If we define 2 reflexive relations(say R and S) a set A, then are not they same?
Reflexive relation means for all $\forall x \in A, (x,x) \in R$. Same is the case for S. Then isn't R = S???
if so we consider the theorem, if R and S are reflexive relations then $R \cup S, R \cap S$ are both reflexive.

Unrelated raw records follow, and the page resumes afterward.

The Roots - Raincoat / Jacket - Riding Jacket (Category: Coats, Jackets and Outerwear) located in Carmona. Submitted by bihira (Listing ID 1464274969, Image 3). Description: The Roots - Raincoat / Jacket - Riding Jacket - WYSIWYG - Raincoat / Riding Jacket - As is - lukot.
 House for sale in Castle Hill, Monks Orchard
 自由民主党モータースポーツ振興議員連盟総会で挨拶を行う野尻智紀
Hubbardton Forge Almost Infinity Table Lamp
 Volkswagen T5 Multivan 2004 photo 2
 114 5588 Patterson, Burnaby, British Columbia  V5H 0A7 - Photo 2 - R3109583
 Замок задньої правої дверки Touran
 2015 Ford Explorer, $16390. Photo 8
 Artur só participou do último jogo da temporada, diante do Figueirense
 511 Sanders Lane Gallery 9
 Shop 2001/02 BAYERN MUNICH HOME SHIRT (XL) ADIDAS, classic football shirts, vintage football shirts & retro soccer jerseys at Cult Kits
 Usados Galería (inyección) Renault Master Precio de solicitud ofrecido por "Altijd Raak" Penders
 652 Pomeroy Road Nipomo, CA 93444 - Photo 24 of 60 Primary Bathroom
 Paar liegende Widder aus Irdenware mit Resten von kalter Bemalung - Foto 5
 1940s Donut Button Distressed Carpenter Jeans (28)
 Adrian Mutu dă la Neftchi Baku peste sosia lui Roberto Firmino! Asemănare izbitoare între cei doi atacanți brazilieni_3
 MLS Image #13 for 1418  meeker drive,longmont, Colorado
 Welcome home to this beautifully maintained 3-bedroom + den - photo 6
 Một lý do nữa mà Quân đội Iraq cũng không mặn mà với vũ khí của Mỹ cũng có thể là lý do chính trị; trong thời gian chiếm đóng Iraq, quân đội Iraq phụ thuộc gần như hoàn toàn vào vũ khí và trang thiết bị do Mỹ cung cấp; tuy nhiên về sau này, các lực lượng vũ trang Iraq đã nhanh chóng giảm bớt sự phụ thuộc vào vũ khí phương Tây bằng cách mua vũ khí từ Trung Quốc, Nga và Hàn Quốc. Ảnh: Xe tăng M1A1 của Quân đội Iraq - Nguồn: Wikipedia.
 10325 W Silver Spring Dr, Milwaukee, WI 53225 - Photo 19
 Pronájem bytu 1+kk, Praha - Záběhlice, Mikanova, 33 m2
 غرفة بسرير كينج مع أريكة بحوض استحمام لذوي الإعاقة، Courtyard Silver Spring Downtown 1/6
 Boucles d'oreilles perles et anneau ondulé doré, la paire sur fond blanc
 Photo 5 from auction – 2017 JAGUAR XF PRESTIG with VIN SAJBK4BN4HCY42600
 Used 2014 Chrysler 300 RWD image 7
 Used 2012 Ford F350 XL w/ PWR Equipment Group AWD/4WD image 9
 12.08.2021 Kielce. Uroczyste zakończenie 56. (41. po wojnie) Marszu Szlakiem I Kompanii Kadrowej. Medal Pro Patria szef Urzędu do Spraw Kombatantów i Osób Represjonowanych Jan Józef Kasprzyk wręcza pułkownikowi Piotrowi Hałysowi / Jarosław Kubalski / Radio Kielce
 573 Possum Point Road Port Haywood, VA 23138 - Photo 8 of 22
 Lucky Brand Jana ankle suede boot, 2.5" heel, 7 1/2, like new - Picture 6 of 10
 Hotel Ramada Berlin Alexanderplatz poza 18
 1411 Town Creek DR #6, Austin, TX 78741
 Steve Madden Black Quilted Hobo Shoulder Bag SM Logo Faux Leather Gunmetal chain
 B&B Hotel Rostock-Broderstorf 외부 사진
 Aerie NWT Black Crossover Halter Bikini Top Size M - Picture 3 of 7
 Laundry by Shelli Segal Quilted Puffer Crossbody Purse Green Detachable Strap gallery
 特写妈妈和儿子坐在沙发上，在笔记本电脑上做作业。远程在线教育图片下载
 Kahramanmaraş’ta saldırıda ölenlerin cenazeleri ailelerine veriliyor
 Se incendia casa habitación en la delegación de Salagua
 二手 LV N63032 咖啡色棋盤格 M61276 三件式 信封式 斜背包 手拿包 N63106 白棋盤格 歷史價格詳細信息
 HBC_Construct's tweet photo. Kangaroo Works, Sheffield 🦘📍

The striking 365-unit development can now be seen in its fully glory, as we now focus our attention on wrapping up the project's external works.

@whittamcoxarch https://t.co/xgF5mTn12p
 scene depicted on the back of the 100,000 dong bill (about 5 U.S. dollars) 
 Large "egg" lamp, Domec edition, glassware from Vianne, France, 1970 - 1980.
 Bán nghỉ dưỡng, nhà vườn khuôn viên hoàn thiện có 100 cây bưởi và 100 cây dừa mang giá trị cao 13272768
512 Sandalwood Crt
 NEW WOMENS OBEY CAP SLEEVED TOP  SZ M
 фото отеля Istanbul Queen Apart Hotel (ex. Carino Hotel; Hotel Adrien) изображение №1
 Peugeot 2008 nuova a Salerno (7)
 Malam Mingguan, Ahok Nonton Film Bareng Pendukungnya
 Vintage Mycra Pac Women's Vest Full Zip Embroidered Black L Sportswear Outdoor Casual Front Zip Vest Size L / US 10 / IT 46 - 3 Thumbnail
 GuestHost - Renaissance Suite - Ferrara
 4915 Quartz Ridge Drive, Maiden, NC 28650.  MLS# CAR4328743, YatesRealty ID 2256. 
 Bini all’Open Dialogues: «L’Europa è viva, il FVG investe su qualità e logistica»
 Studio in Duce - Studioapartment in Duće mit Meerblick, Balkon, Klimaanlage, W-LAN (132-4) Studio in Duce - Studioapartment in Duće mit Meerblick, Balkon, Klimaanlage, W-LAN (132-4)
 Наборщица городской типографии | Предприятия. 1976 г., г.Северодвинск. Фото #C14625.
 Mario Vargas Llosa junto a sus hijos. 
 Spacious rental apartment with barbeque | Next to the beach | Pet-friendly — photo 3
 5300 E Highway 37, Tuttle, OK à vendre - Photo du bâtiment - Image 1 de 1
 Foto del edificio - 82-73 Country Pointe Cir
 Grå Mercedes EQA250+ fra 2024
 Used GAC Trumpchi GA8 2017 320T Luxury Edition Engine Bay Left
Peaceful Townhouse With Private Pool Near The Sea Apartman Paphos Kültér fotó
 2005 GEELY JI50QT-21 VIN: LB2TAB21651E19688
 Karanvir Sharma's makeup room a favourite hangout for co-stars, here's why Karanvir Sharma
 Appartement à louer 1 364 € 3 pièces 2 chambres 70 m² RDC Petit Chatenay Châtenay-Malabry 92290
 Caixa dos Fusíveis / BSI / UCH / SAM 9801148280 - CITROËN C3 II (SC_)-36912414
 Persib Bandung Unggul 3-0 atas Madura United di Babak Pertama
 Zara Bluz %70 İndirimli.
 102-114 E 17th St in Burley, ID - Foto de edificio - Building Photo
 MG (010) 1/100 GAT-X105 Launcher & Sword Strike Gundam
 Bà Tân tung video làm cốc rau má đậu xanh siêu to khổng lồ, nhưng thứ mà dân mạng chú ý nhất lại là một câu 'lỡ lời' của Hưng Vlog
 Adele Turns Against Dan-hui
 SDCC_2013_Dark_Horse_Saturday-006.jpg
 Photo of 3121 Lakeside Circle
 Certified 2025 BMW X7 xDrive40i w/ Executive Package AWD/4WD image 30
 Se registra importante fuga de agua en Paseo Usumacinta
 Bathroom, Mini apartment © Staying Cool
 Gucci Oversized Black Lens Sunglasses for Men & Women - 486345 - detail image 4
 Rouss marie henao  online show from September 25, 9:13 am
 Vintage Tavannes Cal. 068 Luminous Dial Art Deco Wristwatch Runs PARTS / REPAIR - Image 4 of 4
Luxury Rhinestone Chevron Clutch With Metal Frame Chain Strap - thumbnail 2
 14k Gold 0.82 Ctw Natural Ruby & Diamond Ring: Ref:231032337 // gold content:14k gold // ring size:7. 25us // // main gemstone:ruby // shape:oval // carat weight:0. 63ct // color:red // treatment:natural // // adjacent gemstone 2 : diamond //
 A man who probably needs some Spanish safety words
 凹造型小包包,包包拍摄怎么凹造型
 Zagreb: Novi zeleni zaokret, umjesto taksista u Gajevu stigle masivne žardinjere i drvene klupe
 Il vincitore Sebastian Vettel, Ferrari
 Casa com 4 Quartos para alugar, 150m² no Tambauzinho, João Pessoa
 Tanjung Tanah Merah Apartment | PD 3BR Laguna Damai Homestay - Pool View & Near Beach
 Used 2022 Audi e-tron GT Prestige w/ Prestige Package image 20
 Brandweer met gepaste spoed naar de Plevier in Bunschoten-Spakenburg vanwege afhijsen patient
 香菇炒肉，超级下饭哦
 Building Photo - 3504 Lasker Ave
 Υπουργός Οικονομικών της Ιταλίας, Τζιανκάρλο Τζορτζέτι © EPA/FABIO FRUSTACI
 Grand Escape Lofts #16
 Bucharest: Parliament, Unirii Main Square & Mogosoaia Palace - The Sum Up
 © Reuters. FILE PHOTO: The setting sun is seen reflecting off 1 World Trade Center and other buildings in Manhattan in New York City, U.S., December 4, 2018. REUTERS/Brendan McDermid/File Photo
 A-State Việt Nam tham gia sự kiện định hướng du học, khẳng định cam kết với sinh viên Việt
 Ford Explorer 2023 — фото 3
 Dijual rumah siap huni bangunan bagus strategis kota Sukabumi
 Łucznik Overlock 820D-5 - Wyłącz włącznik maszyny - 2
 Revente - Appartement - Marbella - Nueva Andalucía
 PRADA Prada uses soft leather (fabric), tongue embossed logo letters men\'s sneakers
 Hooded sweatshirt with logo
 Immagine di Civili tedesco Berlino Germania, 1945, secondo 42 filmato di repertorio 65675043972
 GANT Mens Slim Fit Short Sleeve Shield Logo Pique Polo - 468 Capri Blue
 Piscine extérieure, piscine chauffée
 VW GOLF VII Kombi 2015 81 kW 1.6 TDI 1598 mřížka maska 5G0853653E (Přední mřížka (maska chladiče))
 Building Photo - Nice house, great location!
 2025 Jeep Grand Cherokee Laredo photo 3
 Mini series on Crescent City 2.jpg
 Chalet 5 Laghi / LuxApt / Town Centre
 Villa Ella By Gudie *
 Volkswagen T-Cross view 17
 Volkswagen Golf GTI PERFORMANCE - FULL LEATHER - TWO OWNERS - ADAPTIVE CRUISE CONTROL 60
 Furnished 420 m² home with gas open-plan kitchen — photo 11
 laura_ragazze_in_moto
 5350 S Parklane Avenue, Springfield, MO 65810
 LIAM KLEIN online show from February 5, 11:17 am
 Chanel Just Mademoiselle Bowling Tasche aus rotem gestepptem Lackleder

When we define R and S on same set A, are not they R=S? Then theorem becomes trivial right.
On
No reflexive relations on a set do not have to be the same.
For example consider $$A=\{1,2,3\}$$
$$R= \{(1,1), (2,2),(3,3), (1,3)\}$$ and $$ S= \{(1,1), (2,2),(3,3), (2,3)\}$$ Where both relations are reflexive but they are not the same.
As you notice,the intersecton and the union are reflexive in this example but you have to prove it in general.
On
No, they are not necessarily the same. $\forall x\in A: (x,x) \in R$ does not mean that these are the only pairs in $R$, there can be many more, which in turn may or may not be in $S$.
For example the relations "have the same parity" and "have the same remainder when divided by $3$" on $\mathbb{Z}$ are both reflexive. $(1,3)$ is included in the first but not in the second, while $(0,3)$ is included in the second but not in the first (Their intersection is the relation "have the same remainder when divided by 6").
On
$R$ being a reflexive relation on a set $A$ implies that identity relation $I = \{(x,y):x=y\}$ where $x,y\in A$, is a subset of $R$, $I\subseteq R$. So if two sets $S$ and $T$ are reflexive relations on a set $A$, then we can only conclude that $I\subseteq S$ and $I\subseteq T$. Obviously, $I\subseteq S\cup T$ and $I\subseteq S\cap T$, therefore both intersection and union of the sets $S$ and $T$ are also reflexive.
No. For example, on $\mathbb R$, $=$ and $\le$ are both reflexive relations, but not the same.